- **Work to be completed**:
Copy every entry exactly as it reads and exclude whatever pictures appear.
Data records: Begin
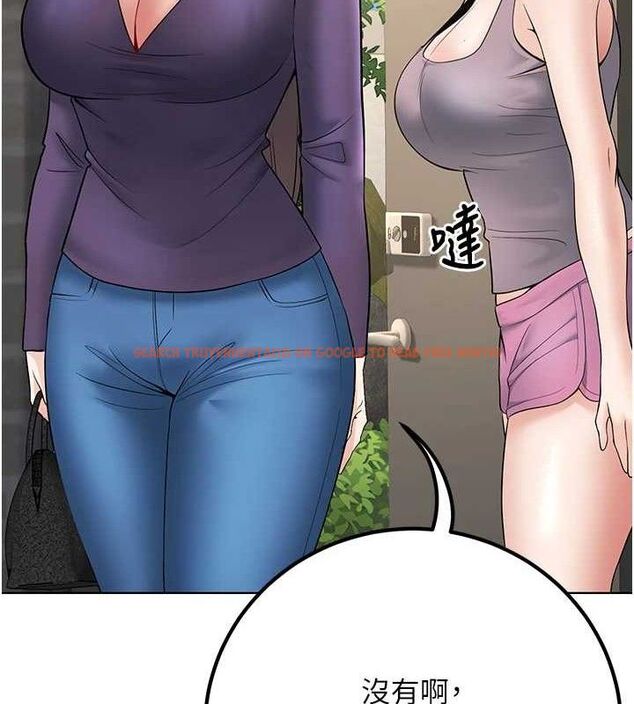 查看漫画已婚學生想壞壞 - 第38話-約老師開房間 - sayhentaiz.net中的3433481图片 查看漫画已婚學生想壞壞 - 第38話-約老師開房間 - sayhentaiz.net中的3433481图片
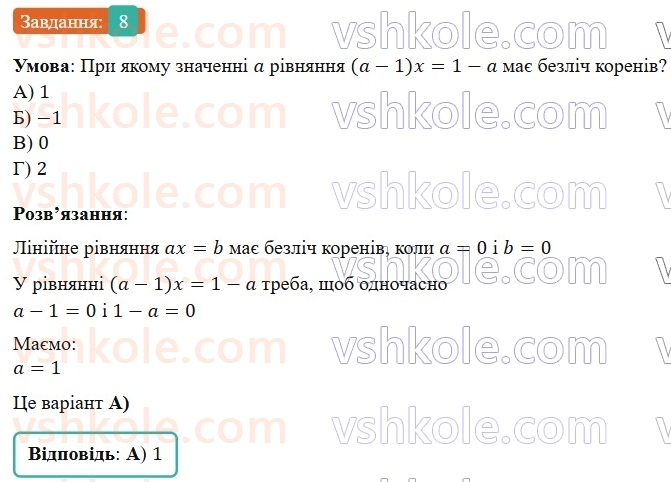 7-algebra-gp-bevz-vg-bevz-2024--rozdil-4-linijni-rivnyannya-ta-yih-sistemi-gotuyemosya-do-tematichnogo-otsinyuvannya-6-8.jpg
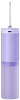 Ирригатор Enchen Water Flosser Mint 3 (Lilac) купить в интернет-магазине icover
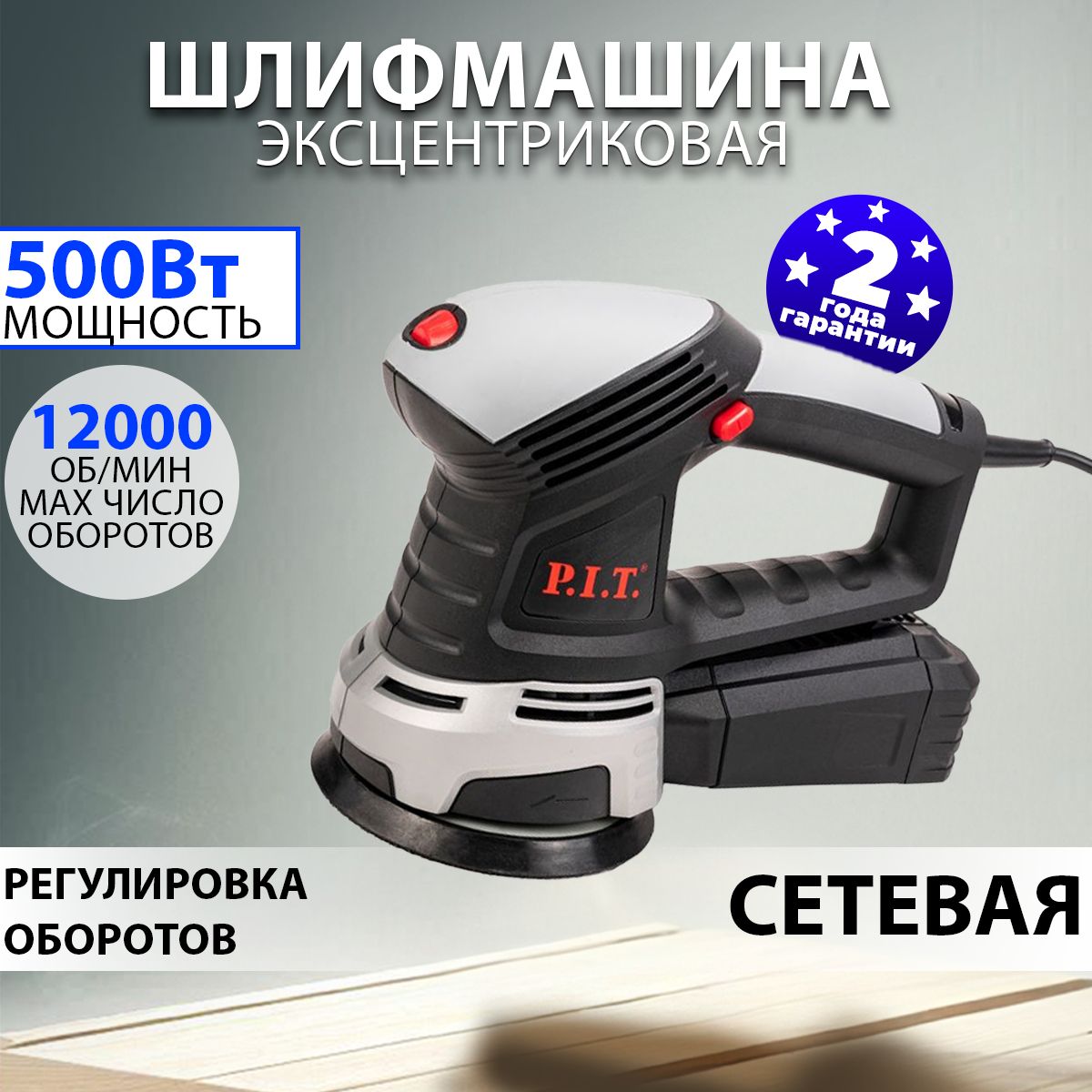 Шлифовальная машинка эксцентриковая P.I.T. 500 Вт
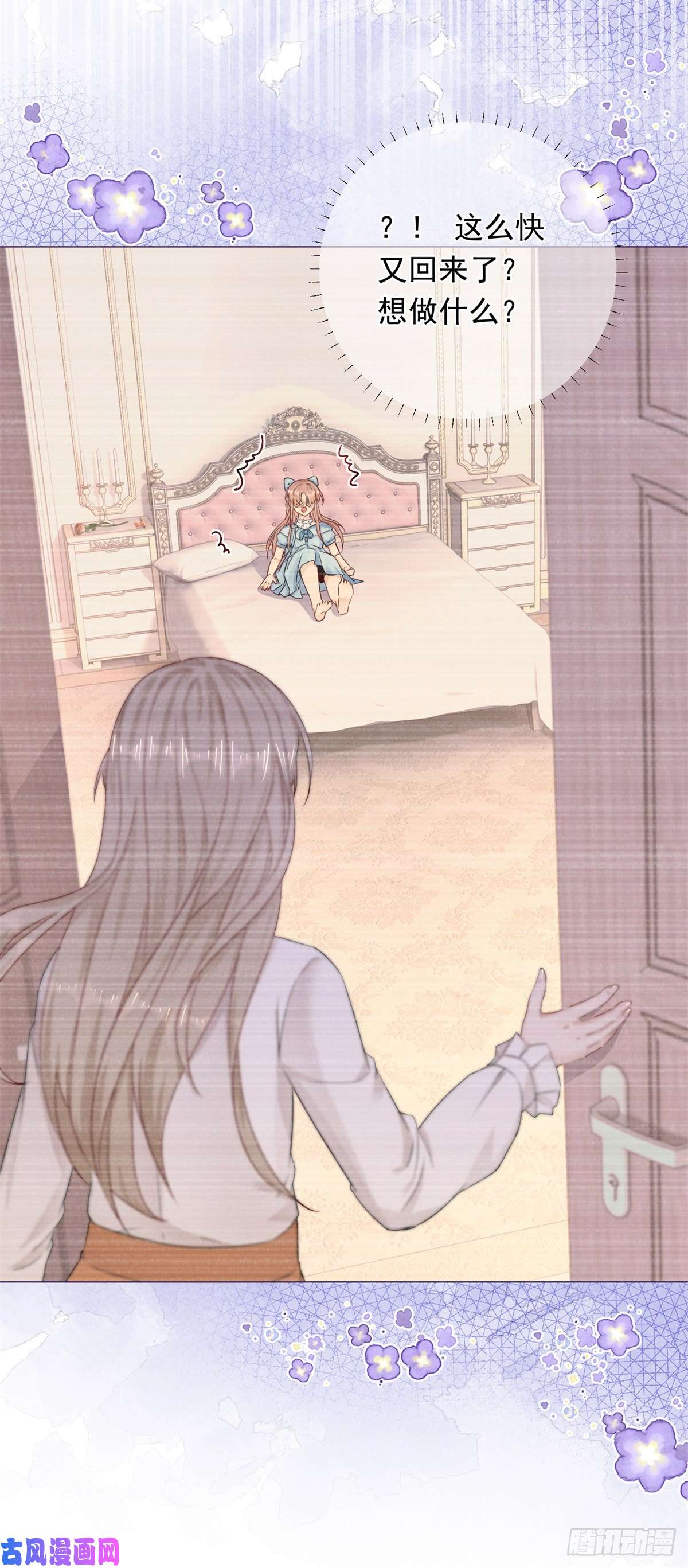 反派女爵的逆袭第16话 陷害要成功？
Data records: End
- **The completed task**:
 查看漫画已婚學生想壞壞 - 第38話-約老師開房間 - sayhentaiz.net中的3433481图片 查看漫画已婚學生想壞壞 - 第38話-約老師開房間 - sayhentaiz.net中的3433481图片
 7-algebra-gp-bevz-vg-bevz-2024--rozdil-4-linijni-rivnyannya-ta-yih-sistemi-gotuyemosya-do-tematichnogo-otsinyuvannya-6-8.jpg
 Ирригатор Enchen Water Flosser Mint 3 (Lilac) купить в интернет-магазине icover
 Шлифовальная машинка эксцентриковая P.I.T. 500 Вт
 反派女爵的逆袭第16话 陷害要成功？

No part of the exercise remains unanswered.